We staan nog steeds bij het stadje Bullas en op zaterdag 31 maart doen we - met zon, maar met een straffe wind - vanuit de camping een wandeling van een uur of drie. Eerst voert de wandeling ons tussen de bekende glooiende velden met bloeiende fruitbomen en wijngaarden. “Weer het bekende recept.” denken we al, als tot onze verassing het pad stijl omlaag gaat en een voor ons onverwachte kloof met wild stromende beek induikt. Uiteraard volgt een flinke stijging om de kloof weer uit te komen, waarna we onder loodrechte rotswanden staan. Ik heb het al eerder gezegd, maar het is volop lente: alle kleuren bloemen langs de kant van de weg en op de velden. Echt mooi!
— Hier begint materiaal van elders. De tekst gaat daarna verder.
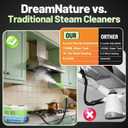 10-in-1 Steam Cleaner for Home, High Temperature & High Pressure, Steamer for Cleaning with 10s Fast Heating, Handheld Steam Cleaner with 37.19OZ Large Tank for Floor, Home, Furniture, Carpet and Car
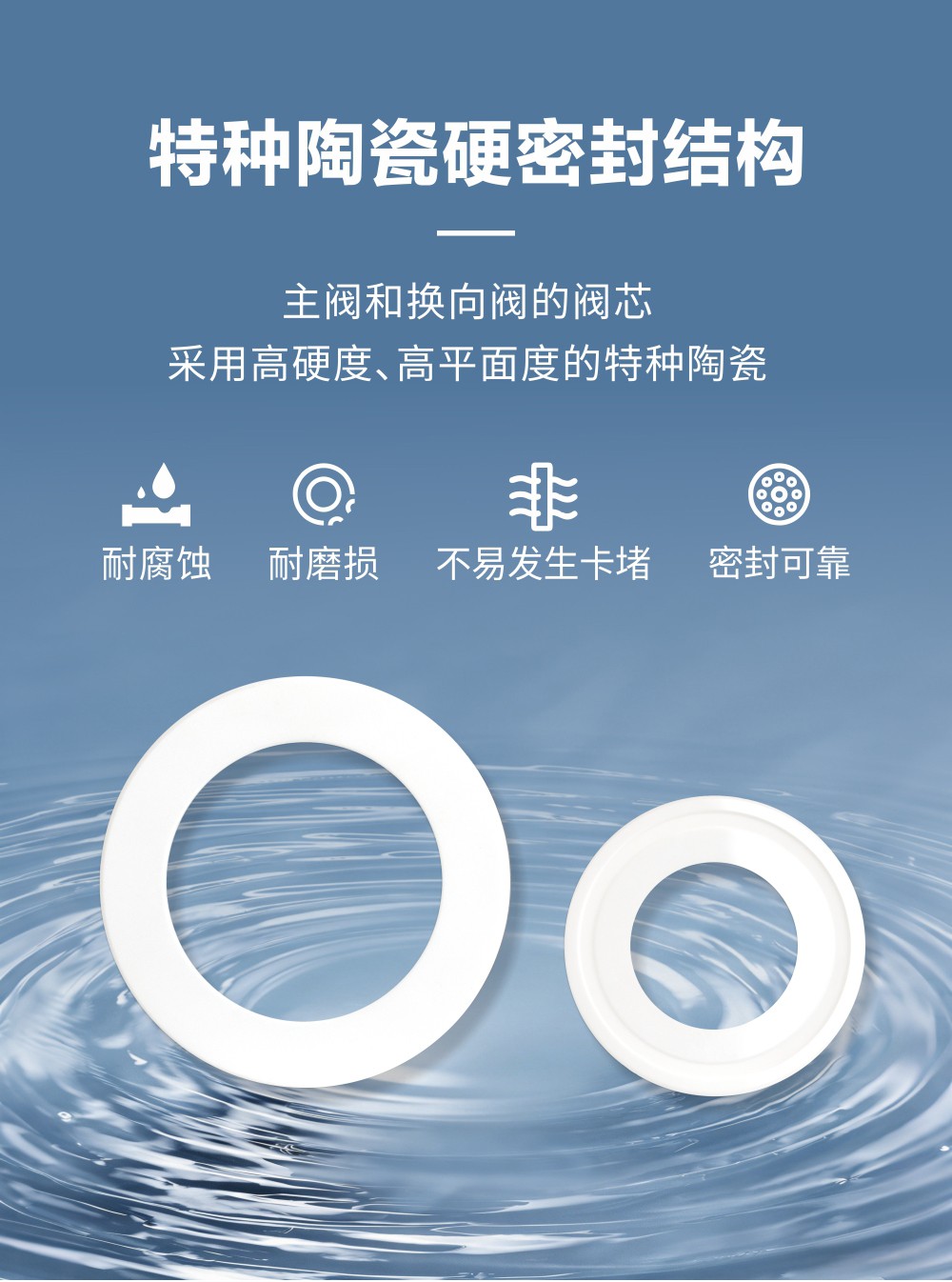 水力阀-减压阀详情页_03.jpg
We lopen door dennenbossen parallel aan de rotswand en keren, na de kloof weer te hebben overgestoken, door de velden terug naar de camping. In deze rare week hebben we het er ’s avonds over dat we de dagen rond het overlijden van Floor nu toch intenser meemaken dan in de jaren hiervoor. Bijna logisch, omdat we in voorgaande jaren juist werkten rond 25 maart en 2 april: “Dat leidt lekker af.”. Hoe gek is die redenering eigenlijk: als je er niet aan denkt, heb je ook geen “last” van die “rotgevoelens” (dit is zeker geen veroordeling naar wie dan ook, want vooral ik heb me hier het eerste jaar na Floors overlijden schuldig aan gemaakt door keihard door te gaan). Nu hebben we letterlijk alle tijd om na te denken, de herinneringen terug te laten komen en vooral te voelen. Eigenlijk helemaal prima.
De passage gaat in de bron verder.